If it comes to that, the mayor said he hopes to work 'in concert' with Gov. Greg Abbott.

AUSTIN, Texas — Austin-Travis County met the criteria for Stage 5 of Austin Public Health's COVID-19 risk-based guidelines on Tuesday, after the seven-day rolling average for new daily hospital admissions surpassed 70.

The guidelines, if met, would recommend people go back to work only to essential businesses and avoid all gatherings outside, dining inside restaurants and any nonessential shopping.

RELATED: Travis County nearing Stage 5 as COVID-19 hospitalizations surpass threshold

On Tuesday, the rolling average was 74.9. The day before, it was 64.6. 

Austin-Travis County Interim Health Authority Dr. Mark Escott told Travis County commissioners Tuesday morning the jump was likely due to inaccurate data entry, which would be corrected later that day.

"The numbers that were reported from the hospitals were reflecting the admissions for that day.

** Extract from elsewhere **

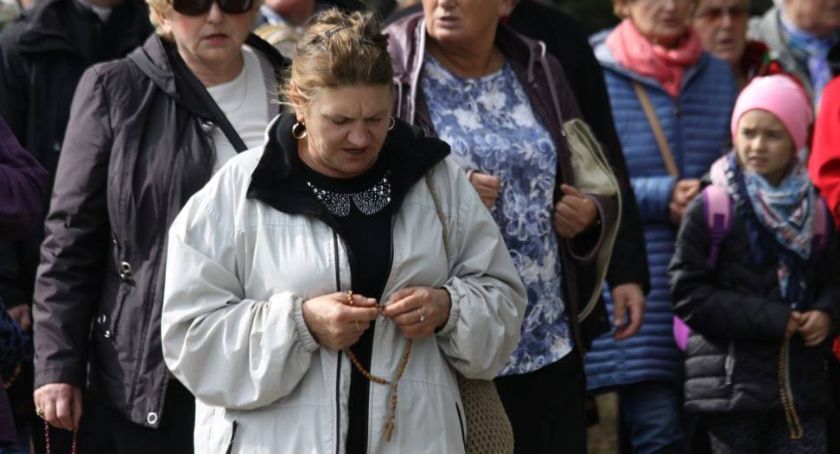 Odmówią różaniec na ulicach Łowicza. Koła Żywego Różańca spotkają się w Domaniewicach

But what we subsequently found out is that there were additional people who were already admitted to the hospital who were then determined to be COVID-19 positive, and they weren't being added to that day's admission numbers," Dr. Escott said. "It wasn't balancing out when you look at the number of new patients hospitalized as compared to the difference between the admissions and discharges for that day."

But despite meeting the criteria, Austin Mayor Steve Adler told KVUE this doesn't mean Austin and Travis County have officially entered Stage 5.

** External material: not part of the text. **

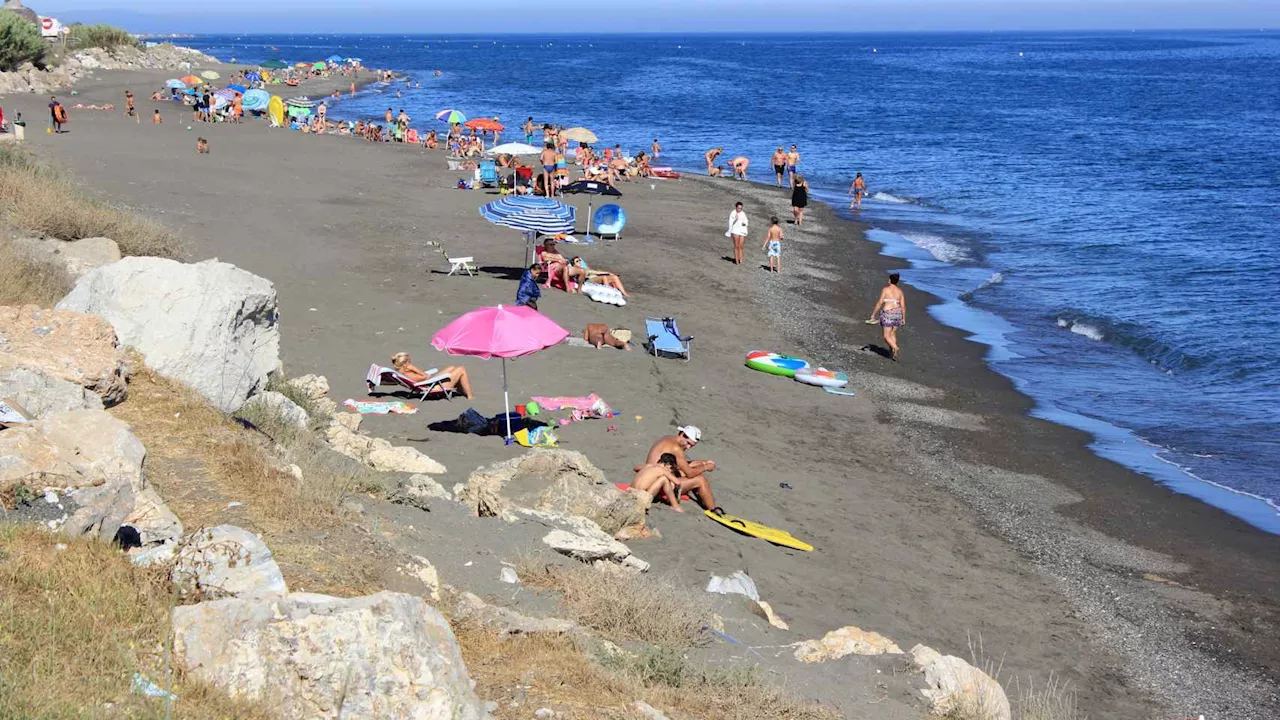 Esta es la zona de playa más barata de Málaga para comprar una casa en 2024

"What we said formally was we don't enter into Stage 5 until Escott says we need to go into Stage 5. And he would order that somewhere between 70 and 123 [of the seven-day rolling average]," he said. "It may be that he keeps us in the orange range a little bit longer. This gives the community more time to bend the trajectory even more."

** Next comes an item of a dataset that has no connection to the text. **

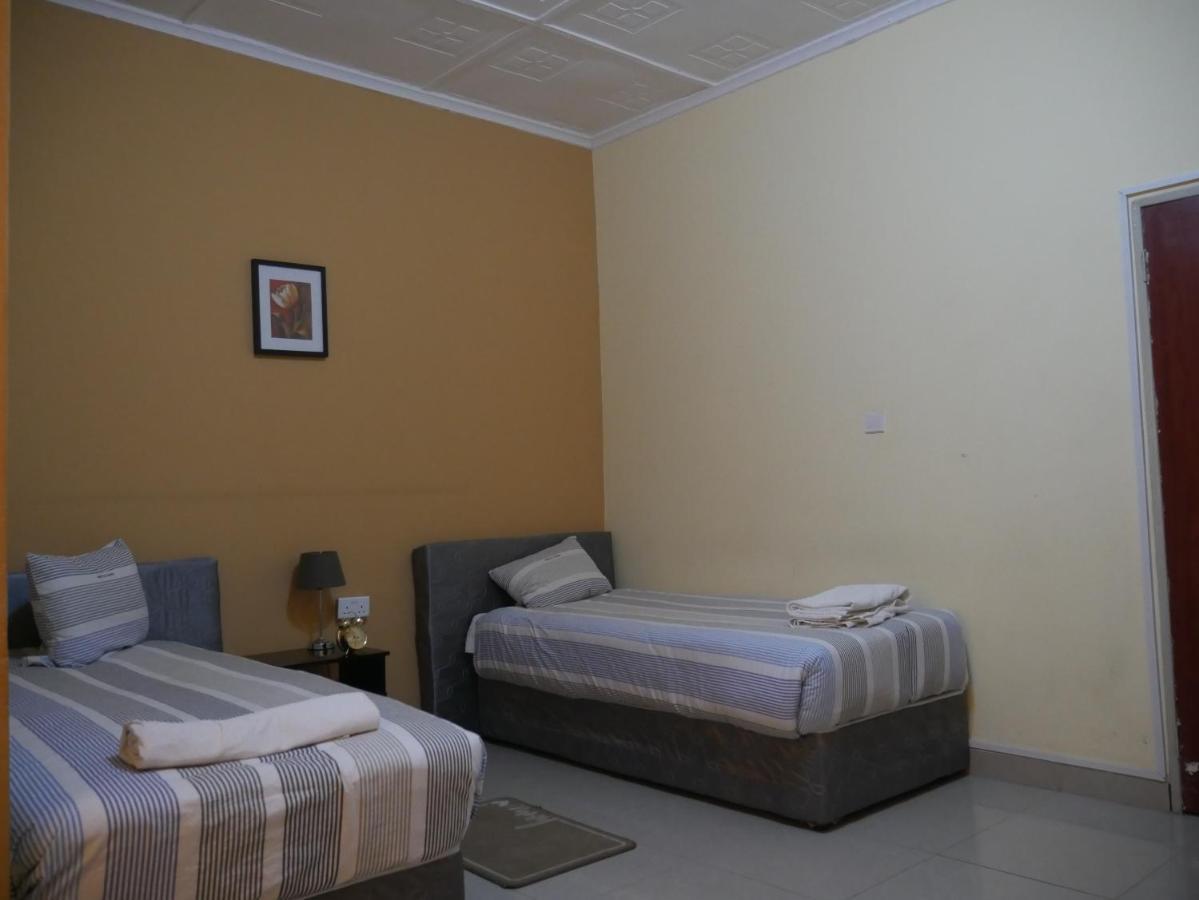 The Escape Lodge Lusaka Esterno foto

So far, however, Adler said he's feeling optimistic because the number of COVID-19 cases and hospitalizations hasn't surged as badly as officials had predicted they would.

"Two weeks ago, I came to the community and said, 'Hey, everybody. We're going up, putting more people in the hospital on the trajectory that we're on. We're in a real world of hurt. Let's see if we can move that trajectory,'" Adler said. "If you look at the community's behavior over the last two weeks, my feel is, anecdotally, the community has responded. People are wearing masks. More people are staying home more. My anticipation would be that we have changed the trajectory so we don't probably, would not need to have to go into Stage 5."

RELATED: Austin Public Health opens 2 new COVID-19 testing sites to better serve Latino, Black communities

In an interview with KVUE on Monday, District 4 Councilmember Greg Casar said if the hospitals do get overwhelmed, he could see the city shutting down businesses – with or without Gov. Greg Abbott's help.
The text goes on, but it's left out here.